Historic Roman Catholic Church in New York, US

The Church of Our Lady of Mount Carmel is a Roman Catholic parish church under the authority of the Roman Catholic Archdiocese of New York, located three blocks south of Fordham University at the corner of Belmont Avenue and 627 East 187th Street, Fordham, the Bronx, New York City, New York.

==Parish history==
Another parish church for Italians existed in 1892, located at 447 E 115th Street, Manhattan. Despite the similar dedication, this has always been a separate parish. "In answer to the petition of the Italians living in the neighborhood of 183rd Street and Pelham Avenue, Rev. Daniel Burke, D.D., of St. Philip's Church, opened a mission for them early in 1906." There were initially only around 150 people attending the mission. The Rev. Francis Magliocco, D.D., was appointed assistant in September, 1909, and Fr. Caffuzzi was reported in 1914 to have resided near the church (and not in a rectory) since January 1907.

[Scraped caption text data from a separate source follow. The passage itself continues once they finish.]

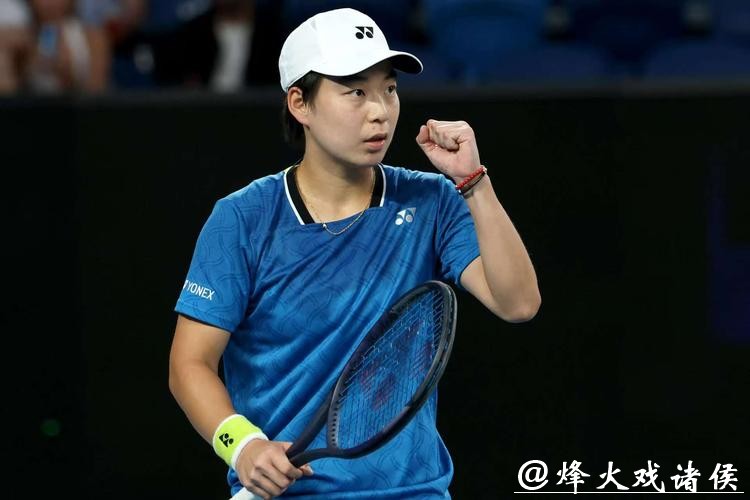 惊喜！白卓璇取得澳网正赛首胜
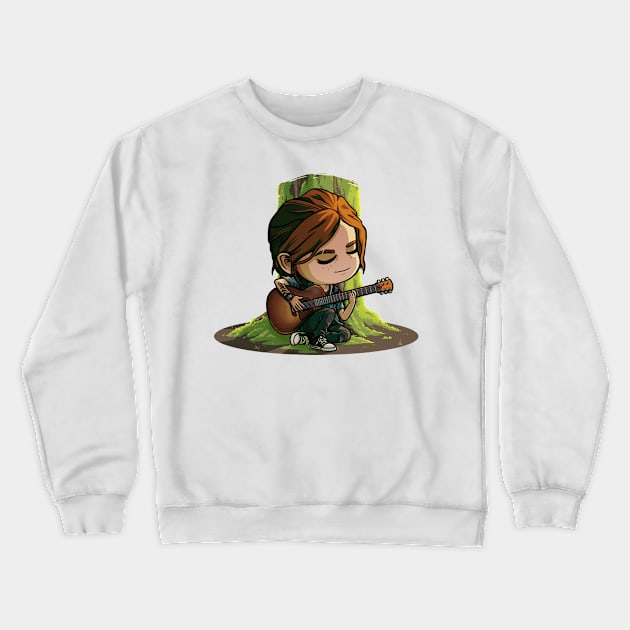 The Last of Us Part II - Future Days Crewneck Sweatshirt by eusrock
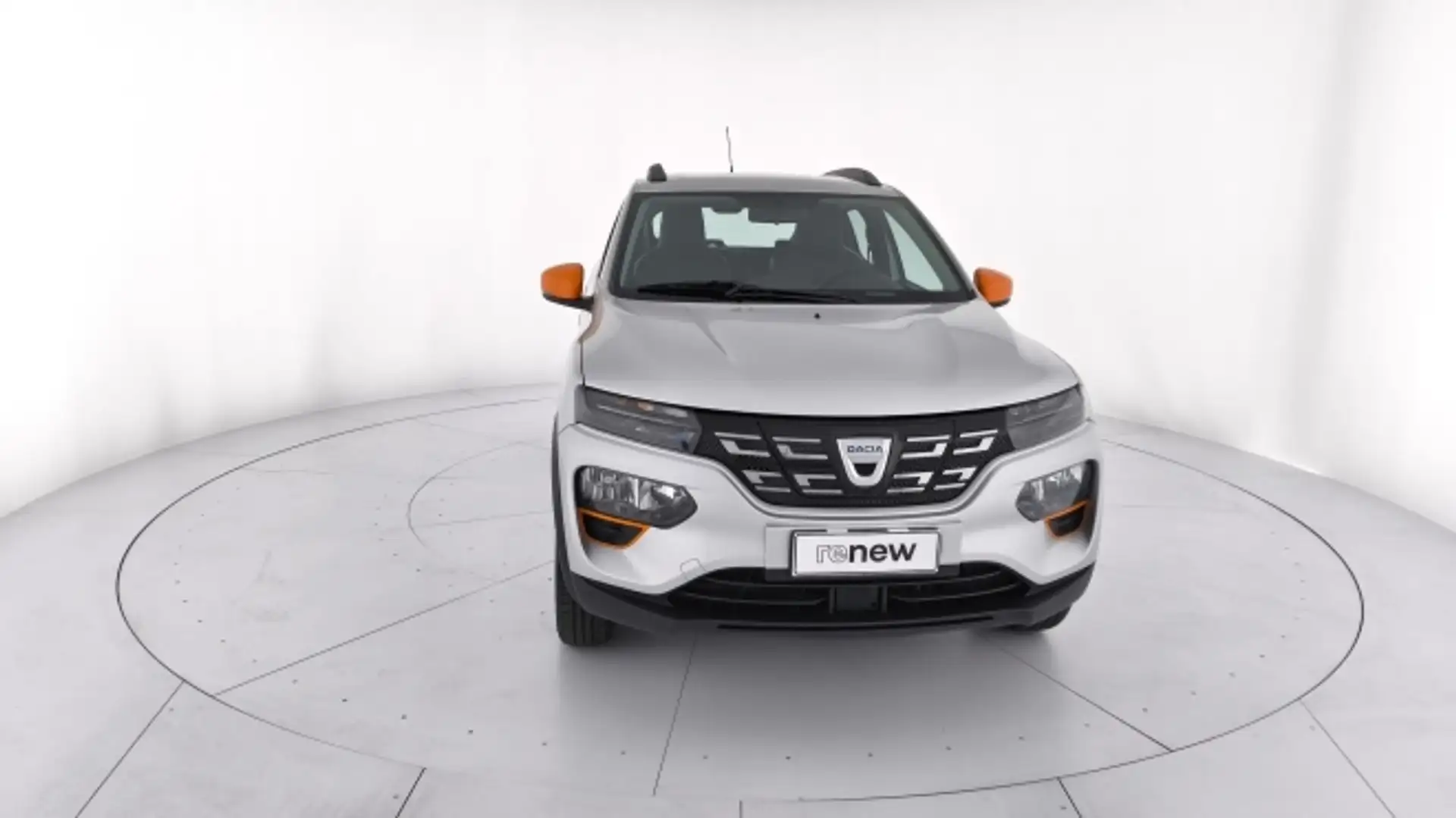 Dacia Spring Spring Comfort Plus Electric 45 Grigio - 2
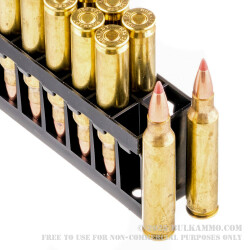 200 Rounds of .223 Ammo by Hornady Superformance - 35 gr NTX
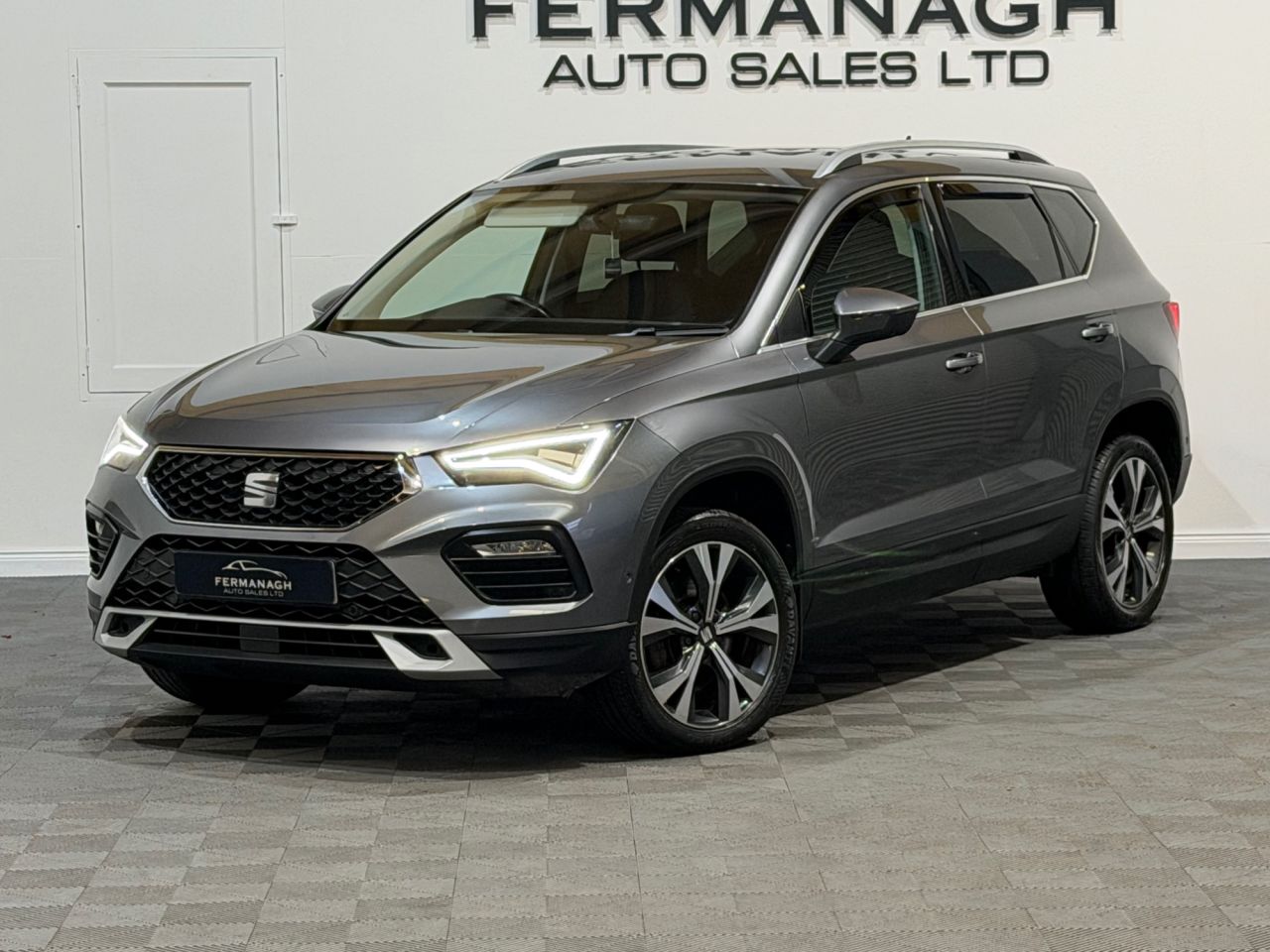 2022 SEAT ATECA 2.0 TDI SE Technology SUV 5dr Diesel Manual Euro 6 (s/s) (150 ps) - vehicle photo 4 for sale on PureCar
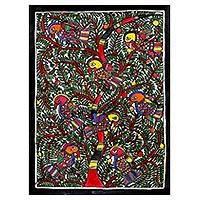 Madhubani painting,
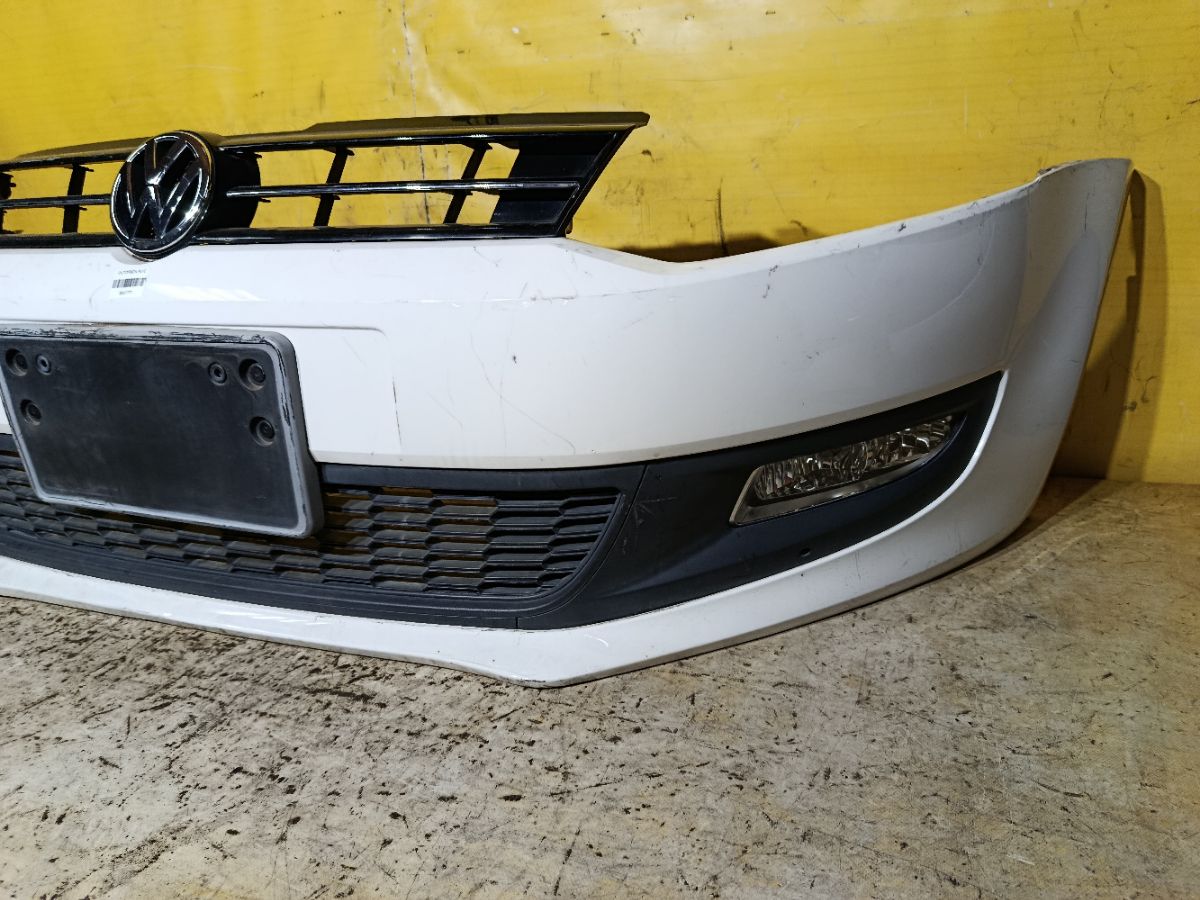 Бампер 6R0807221R на Volkswagen Polo 6R Фото 3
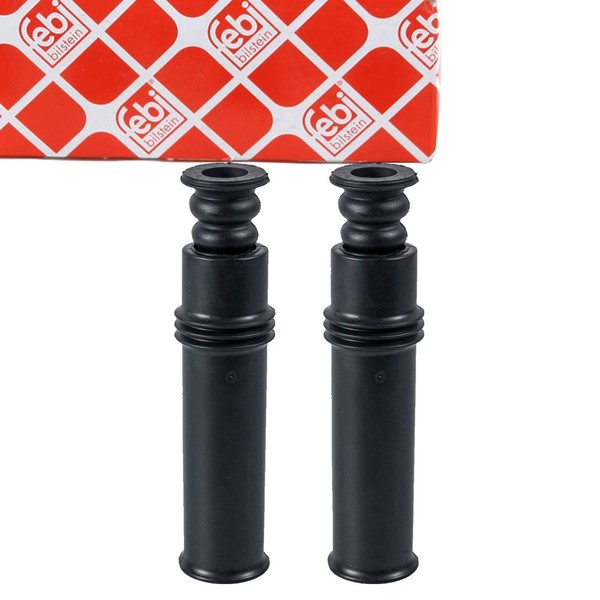 febi Staubschutz + Anschlagpuffer FüR Citroen C4 1 2 Peugeot 307 308 3008 Hinten-image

The parish was established around June 1906 when a store was remodeled as a chapel, and the Rev. J. Caffuzzi was appointed acting pastor on June 24. The congregation increased rapidly. By the end of 1907, the congregation had swelled from its 150 figure in 1906 to 1,134 adults and 150 children by the end of 1907, and 2,500 adults in 1914. By 1914, the Sunday school had an attendance of 800 children.

==Buildings==
By "...the end of [1906] Father Burke bought seven lots costing $21,000 at 187th Street and Belmont Avenue, and on June 29, 1907, Archbishop (later Cardinal) Farley laid the cornerstone of the church." The 750-seat basement was opened December 25, 1907; the upper 500-seat upper church was opened December 8, 1912, at a cost of $12,000. The upstairs church was dedicated in 1917. The rectory address is 627 East 187 St., Bronx NY 10458.

==Pastors==
- Rev. Daniel F.X. Burke, D.D., of St. Philip's Church (1906-1906), attended to mission in early 1906
- Rev. Msgr. Joseph Caffuzzi (1906-9/29/1931) , first pastor, assisted by the Rev. Francis Magliocco, D.D. since 1909
- Rev. Severino Focacci (1931-1944)
- Most Rev. Joseph Maria Pernicone (1944-1966) , became an Auxiliary Bishop of the Archdiocese of New York in 1954 during his pastorate
- Rev. Msgr. Carlo (Charles) Rizzo (1966-1972)
- Rev. Msgr. Louis A. Martorella (1972-1984)
- Rev. Msgr. John A. Ruvo (1984-2008)
- Rev. Eric D. Rapaglia (2008-2014)
- Rev. Salvatore D. Sportino (2014-2015)
- Rev. Jonathan Morris (2015-2019)
- Rev. Jose Felix Ortega de la Fuente (2021–present)

==Our Lady of Mount Carmel School==
Located at 2465 Bathgate Avenue on the corner of East 189th Street and Bathgate Avenue, it has around 25 to 30 students per grade.